Shari Timberlake refers to herself and her sister Stephanie as “co-insane people.” Officially, they are co-founders of their Plymouth-based nonprofit, The Adopt-A-Pet-Shop, which partners with local animal rescues to act as an adoption center for cats and dogs.
It all began in 2005 following Hurricane Katrina when the sisters traveled to Tylertown, Miss., to work as volunteers in on-the-ground disaster animal rescue. “We were normal people with normal jobs,” Shari says. “We wanted to help out because, to us, giving money wasn’t enough.” Along with other volunteers, Shari and Stephanie camped outside in the heat in dirty tents, waiting for the daily arrival of a semi-truck filled to the brim with animals that had been pulled out of the streets of New Orleans. The volunteers cleaned and treated all the animals with the goal of reuniting them with their families, or at least finding them safe homes.
“It was baptism by fire,” Shari says. The experience was enough for Shari and Stephanie to realize they had a newfound passion. The sisters jumped head first into animal rescue: They received Federal Emergency Management Agency (FEMA) training, worked with the animal sanctuary Best Friends of Utah and witnessed everything from an 800-cat hoarding situation in Las Vegas to animals needing rescue from floods in Fargo, N.D.

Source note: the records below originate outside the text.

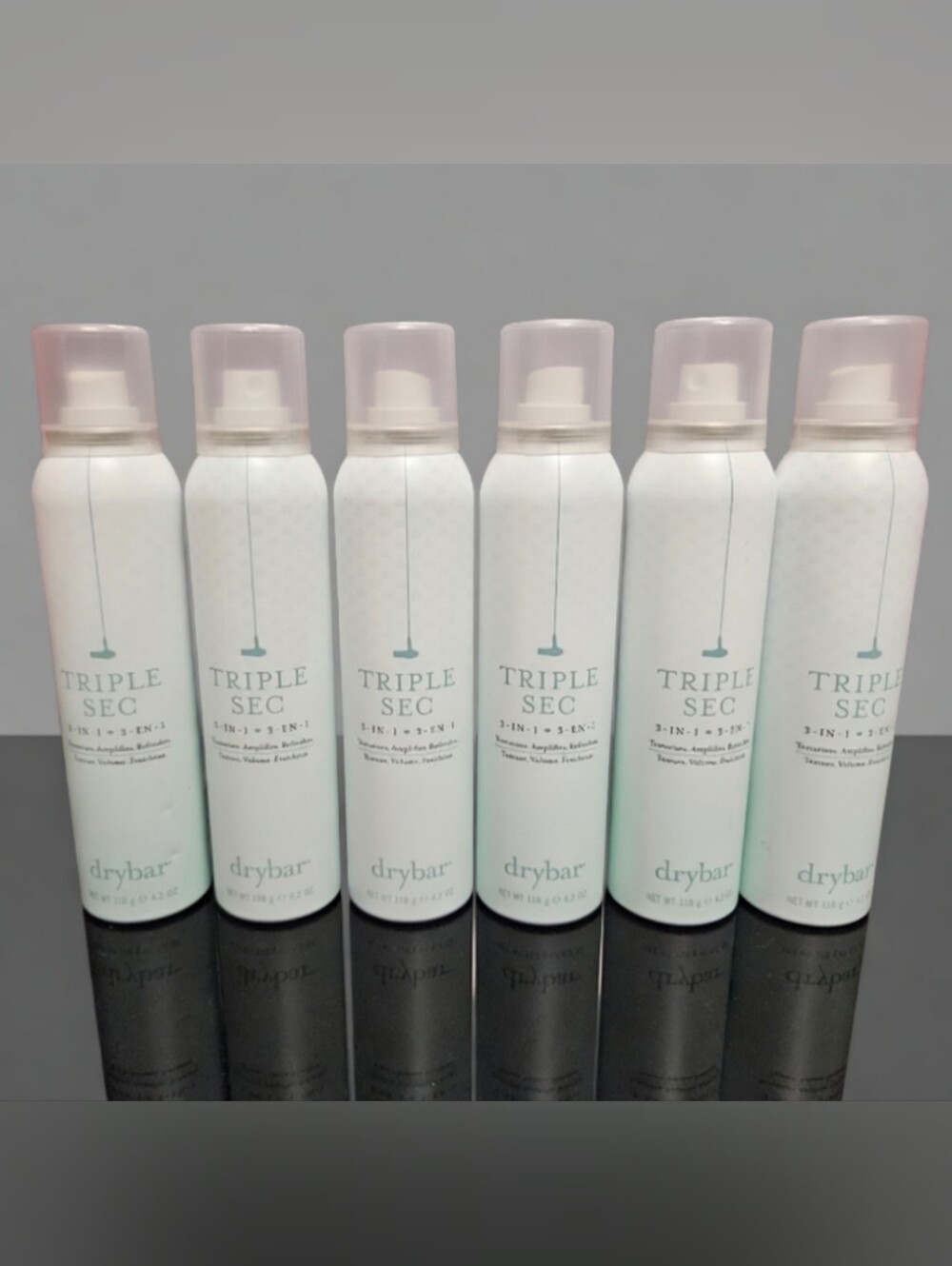 NEW Dry Bar 6pc Triple Sec Finishing Spray 3 in 1 Bundle (six bottles) 4.2 oz ea
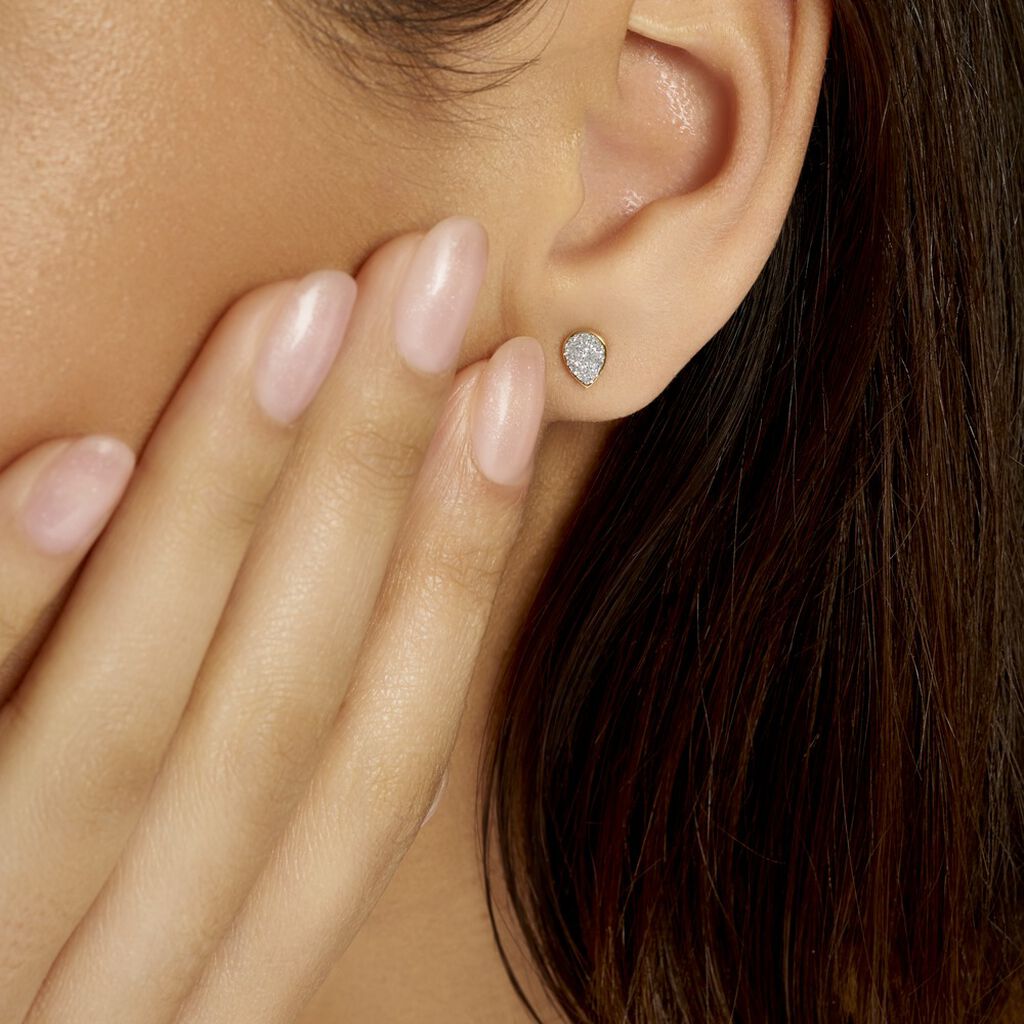 Boucles D'oreilles Puces Anitta Or Jaune - Clous d'oreilles Femme | Histoire d’Or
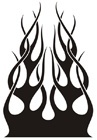 Car & Motorbike Stickers: Flames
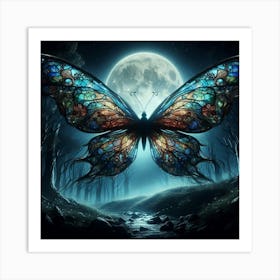 Butterfly In The Forest 44 Art Print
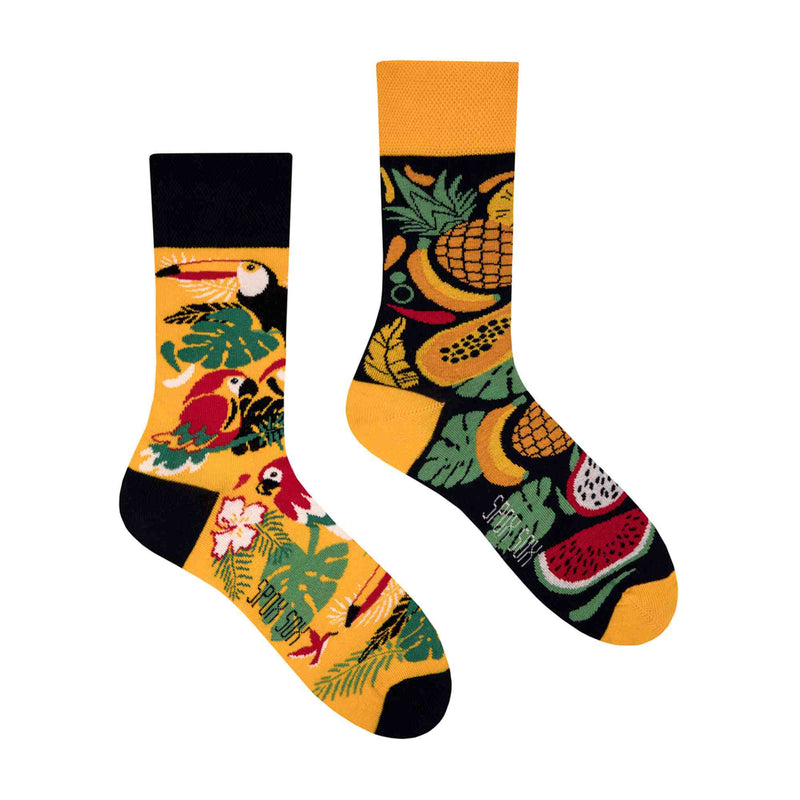 1 Pack Unisex Mismatched Novelty Odd Socks - Tropical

“We started at the ugly end of things, but found that rescuing animals is just the first step,” Shari says. “So we created an adoption center.” Today, Shari is president and treasurer, and Stephanie is vice president and secretary of The Adopt-A-Pet Shop. While shelters are funded by the state or city and have a relatively open admission policy, the sisters’ shop brings in animals after they have been vetted, spayed or neutered and vaccinated. They do not accept owner surrenders or take animals off the street. Instead, they partner with a number of local no-kill foster-based rescue groups to help place animals in homes. “When foster homes fill up, we take those animals and act as an agent for facilitating their adoptions.”
“The hard part is getting people to meet and appreciate these animals,” says Shari. “Often times, people think rescue animals are ‘sub-par’ or ‘tainted.’ They aren’t. There is nothing really wrong with these animals except that they’re homeless.”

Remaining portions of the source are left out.